Во Франции в 1794 г. Республика приняла закон, который воспрещал использовать какие-либо другие языки и диалекты на местности страны, не считая литературного французского (на самом деле, являющегося диалектом провинции Иль-де-Франс). Этот закон был отменен только в 1951 году, но за полтора века окситанский, баскский, провансальский, бретонский, итальянский на Корсике и другие — практически стопроцентно пропали. Привела ли эта языковая политика к единению народа? Никак нет – и массовые демонстрации с требованиями возрождения региональных языков населяющих Францию народностей являются броским тому примером.

В Австро-Венгерской империи языковая политика была ориентирована на лавирование и собственного рода задабривание покоренных территорий. Невзирая на то, что общение меж монополией и колониями шло на германском языке, правительство Австро-Венгрии поддерживало национальные языки: открывало словацкие школы, поддерживало творческие украинские и польские коллективы, спонсорировало профессиональную итальянскую молодежь. Потому «Весна Народов», а позднее — разрушение Австро-Венгрии произошел никак не по языковому вопросу, а чисто по политическому.

В отличие от королевской Рф, где угнеталось всё «нерусское», с 1917 года стала пропагандироваться идеология поддержки региональных языков. Но далее пропаганды дело не зашло. В 30-х годах интенсивно муссировалось мировоззрение, что в СССР проживает только 15 братских народов, и эти 15 языков союзных республик интенсивно поддерживались. В то же время без всякой поддержки со стороны страны остались, к примеру, германский, старомонгольский, финский и другие языки, носители которых компактно либо рассеянно проживали на местности СССР. Не считая того, правительство объявило языки неких республик «недоразвитыми», требующими «языкового строительства» — так, молдован насильно перевели с латинского алфавита на кириллицу. В 50-60-х годах языковая политика СССР подспудно, но коренным образом изменялась: при всей декларации поддержки языков союзных республик, гласить не по-русски, быть «нацменом» стало немодно, это было признаком отсталости и деревенского происхождения. Грустные последствия этой политики мы можем следить на примере русифицированных Казахстана, Беларуси, отчасти Украины и Молдовы.

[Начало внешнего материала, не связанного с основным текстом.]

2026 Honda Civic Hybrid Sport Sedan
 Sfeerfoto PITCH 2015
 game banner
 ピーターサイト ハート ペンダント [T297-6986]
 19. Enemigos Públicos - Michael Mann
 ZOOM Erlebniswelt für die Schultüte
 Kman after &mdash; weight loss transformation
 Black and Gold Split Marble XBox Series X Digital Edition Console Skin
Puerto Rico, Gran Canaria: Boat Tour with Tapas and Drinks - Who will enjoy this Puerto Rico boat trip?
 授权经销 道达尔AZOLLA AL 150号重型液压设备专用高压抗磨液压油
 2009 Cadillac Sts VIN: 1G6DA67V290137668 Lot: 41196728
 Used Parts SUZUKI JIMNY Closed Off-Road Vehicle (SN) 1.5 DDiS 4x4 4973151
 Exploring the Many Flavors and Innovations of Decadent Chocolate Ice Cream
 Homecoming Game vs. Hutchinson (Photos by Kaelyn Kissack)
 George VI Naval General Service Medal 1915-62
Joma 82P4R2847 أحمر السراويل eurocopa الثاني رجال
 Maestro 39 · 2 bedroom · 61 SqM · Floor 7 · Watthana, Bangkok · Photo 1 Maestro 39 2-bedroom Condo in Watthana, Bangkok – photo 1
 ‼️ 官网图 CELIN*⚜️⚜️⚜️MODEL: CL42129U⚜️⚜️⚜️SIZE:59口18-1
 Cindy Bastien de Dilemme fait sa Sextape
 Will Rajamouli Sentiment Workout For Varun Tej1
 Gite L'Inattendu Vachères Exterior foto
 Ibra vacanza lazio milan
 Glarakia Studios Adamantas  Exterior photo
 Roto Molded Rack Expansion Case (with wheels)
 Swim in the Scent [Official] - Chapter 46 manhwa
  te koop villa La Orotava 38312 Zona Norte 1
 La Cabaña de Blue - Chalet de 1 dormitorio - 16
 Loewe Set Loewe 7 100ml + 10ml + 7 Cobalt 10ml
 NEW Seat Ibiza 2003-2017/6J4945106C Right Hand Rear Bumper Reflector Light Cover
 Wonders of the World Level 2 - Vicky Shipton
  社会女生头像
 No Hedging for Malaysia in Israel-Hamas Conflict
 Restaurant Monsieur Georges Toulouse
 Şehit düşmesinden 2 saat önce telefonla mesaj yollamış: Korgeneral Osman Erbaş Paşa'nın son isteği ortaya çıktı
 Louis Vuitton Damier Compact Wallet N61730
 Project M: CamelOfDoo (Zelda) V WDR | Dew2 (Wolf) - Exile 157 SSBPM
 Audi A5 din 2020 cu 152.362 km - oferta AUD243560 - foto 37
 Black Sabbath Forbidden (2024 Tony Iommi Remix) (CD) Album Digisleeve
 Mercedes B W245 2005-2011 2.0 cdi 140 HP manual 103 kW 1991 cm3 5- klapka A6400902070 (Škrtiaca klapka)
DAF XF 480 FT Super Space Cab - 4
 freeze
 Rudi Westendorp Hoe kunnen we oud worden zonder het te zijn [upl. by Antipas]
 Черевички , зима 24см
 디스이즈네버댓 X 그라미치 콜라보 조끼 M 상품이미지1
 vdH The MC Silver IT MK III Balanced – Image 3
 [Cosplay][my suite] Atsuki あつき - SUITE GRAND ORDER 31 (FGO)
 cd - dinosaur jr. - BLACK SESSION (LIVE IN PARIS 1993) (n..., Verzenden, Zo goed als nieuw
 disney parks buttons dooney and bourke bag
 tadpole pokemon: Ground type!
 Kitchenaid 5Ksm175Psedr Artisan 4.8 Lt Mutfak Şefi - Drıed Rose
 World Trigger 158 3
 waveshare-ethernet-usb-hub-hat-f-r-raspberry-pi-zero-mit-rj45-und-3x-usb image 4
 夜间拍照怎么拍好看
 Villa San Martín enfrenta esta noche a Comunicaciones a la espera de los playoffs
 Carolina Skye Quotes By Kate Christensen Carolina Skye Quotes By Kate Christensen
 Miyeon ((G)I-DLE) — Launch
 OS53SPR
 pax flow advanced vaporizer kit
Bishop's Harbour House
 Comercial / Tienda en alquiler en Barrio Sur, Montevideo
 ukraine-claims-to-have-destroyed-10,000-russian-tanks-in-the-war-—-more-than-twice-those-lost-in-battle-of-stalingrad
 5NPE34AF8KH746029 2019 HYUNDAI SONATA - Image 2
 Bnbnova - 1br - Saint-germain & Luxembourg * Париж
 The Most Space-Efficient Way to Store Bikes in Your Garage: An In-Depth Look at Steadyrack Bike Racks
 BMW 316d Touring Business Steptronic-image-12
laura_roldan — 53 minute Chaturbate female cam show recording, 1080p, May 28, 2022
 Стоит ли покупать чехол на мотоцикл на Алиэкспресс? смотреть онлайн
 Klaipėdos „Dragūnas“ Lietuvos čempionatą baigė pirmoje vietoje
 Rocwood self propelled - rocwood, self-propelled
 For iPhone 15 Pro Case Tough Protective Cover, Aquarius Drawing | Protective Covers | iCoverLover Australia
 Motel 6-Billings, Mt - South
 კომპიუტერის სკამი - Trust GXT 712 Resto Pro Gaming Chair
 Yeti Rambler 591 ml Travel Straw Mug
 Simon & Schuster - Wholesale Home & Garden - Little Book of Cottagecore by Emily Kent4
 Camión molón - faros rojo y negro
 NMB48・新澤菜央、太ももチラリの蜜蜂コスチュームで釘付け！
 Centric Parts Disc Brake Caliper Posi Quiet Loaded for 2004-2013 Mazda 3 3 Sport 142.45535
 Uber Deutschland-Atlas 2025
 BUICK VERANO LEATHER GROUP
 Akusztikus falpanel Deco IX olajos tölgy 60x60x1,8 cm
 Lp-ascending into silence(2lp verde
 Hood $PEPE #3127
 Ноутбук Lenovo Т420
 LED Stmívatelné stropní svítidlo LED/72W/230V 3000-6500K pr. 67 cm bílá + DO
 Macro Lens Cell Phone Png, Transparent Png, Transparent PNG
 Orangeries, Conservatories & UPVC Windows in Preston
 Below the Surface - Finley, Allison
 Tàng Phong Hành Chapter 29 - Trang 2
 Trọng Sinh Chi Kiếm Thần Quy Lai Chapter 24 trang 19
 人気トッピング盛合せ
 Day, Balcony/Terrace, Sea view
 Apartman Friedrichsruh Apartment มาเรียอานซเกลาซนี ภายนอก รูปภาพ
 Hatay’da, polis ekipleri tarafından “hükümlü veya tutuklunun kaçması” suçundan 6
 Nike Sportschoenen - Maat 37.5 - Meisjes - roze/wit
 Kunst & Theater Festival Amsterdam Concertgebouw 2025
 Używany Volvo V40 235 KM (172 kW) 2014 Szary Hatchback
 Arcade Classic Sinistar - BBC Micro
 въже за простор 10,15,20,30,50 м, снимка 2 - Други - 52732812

Языковая политика в Рф, к огорчению, унаследовала почти все из тенденций позднего СССР. Кроме деклараций, утверждающих поддержку языков государственных округов, республик и краев, правительство РФ нередко запамятывает о языках меньшинств, компактно живущих на местности страны. Естественно, каждый гражданин должен знать муниципальный язык собственной страны, но это еще не значит, что ему запрещено говорить и учить собственных деток говорить на родном языке. Если правительство не будет на самом высочайшем уровне поддерживать языки государственных меньшинств, используя рычаги административной власти, СМИ и поощрение писателей, пишущих на языках государственных меньшинств, спустя какое-то время эти языки и диалекты вымрут, а нам остается чувство неудовлетворенности, обид и национальные распри.